Ewa Vesin et Riccardo Massi convaincants
Vocalement la soirée a été dominée par l’interprétation de la soprano Ewa Vesin. Pur produit de l’école polonaise de chant lyrique, elle semble fort à l’aise dans le rôle de Floria Tosca. Sa caractérisation du personnage est bien conforme à l’héroïne généreuse de Puccini, séduisante et jalouse au premier acte, tourmentée et justicière au second, victime révoltée de la prédation masculine et martyre de l’amour perdu au troisième, elle incarne une Tosca humaine, sensible et impérieuse dans sa dignité de femme. Sa diction italienne est correcte. Vocalement elle a su séduire par les accents puissants d’une quinte aigue sans failles. Son talent de comédienne a ajouté à l’expressivité de son Vissi d’Arte.

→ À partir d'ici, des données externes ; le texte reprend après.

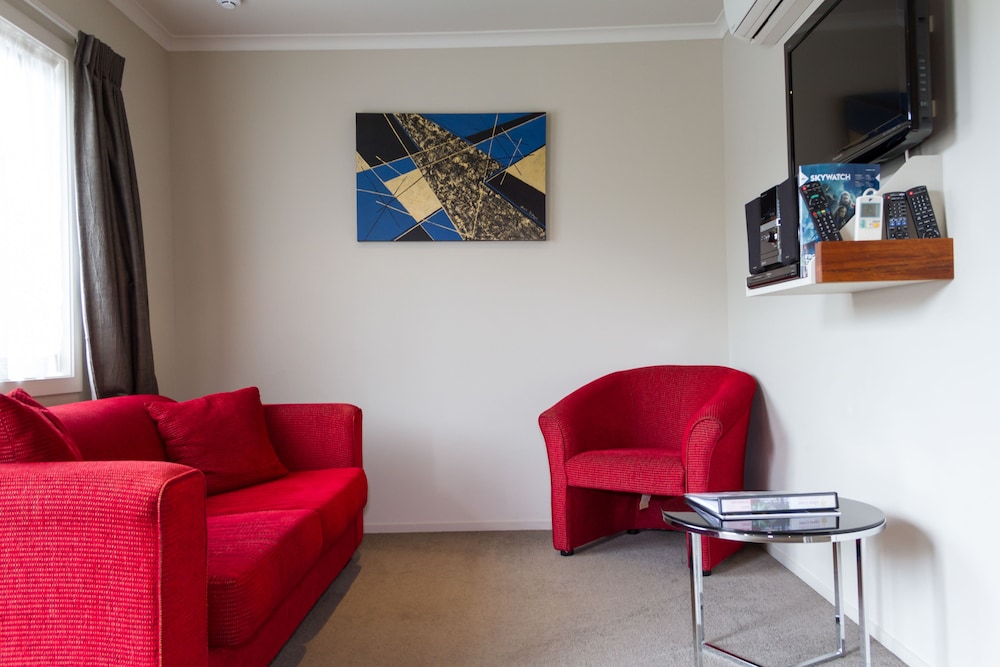 Albert Court Motor Lodge 41/57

Le ténor italien Riccardo Massi a campé un Cavaradossi vaillant. Une belle voix au timbre rayonnant. Bonne diction italienne. Une musicalité évidente malgré quelques incertitudes au premier acte. Belle prestance dans la scène de torture et un aigu triomphant dans le Vittoria ! en apprenant la victoire de Marengo. Son Lucevan le stelle du dernier acte a conquis le public.
Un casting de qualité
Le baryton Daniel Miroslaw fut un Scarpia de grande classe doté d’une ligne de chant somptueuse et homogène dans toute la tessiture. Il a bénéficié d’une mise en scène qui souligne sensiblement les effets véristes du chef de police corrompu. Sa voix a été vibrante de passion dans la scène du Te Deum et sa prestance scénique a emporté l’adhésion du public au deuxième acte. Un Scarpia tragique restant digne malgré la turpitude et l’obscénité.
Prestation remarquée de la basse François Lis dans un Angelotti plus vrai que nature. Bons « comprimari » de Vincent Ordonneau dans Spoletta, Frederic Goncalves dans le Sacristain et Florent Leroux Roche dans un Sciarrone inquiétant en servile prélat. Adéle Yvinek de la maîtrise de l’opéra et du Conservatoire TPM excellente dans le petit berger.
Le cadre des chœurs, qui pourrait être plus étoffé pour un Théâtre comme celui de Toulon, n’a pas démérité et pourra progresser encore au fil des représentations.
En somme une Tosca troublante dans une coproduction (Opéra de Toulon, Opéra National de Lorraine, Opéra de Rennes, Opéra d’Angers et de Nantes) faisant la part belle à la modernité sans trahir l’intentionnalité des auteurs et servie, ici, par un travail collectif maison (elle a été programmée par Claude Henri Bonnet avant son départ).
Tosca sera redonnée Dimanche 9 octobre à 14h30 et Mardi 11 octobre à 20h.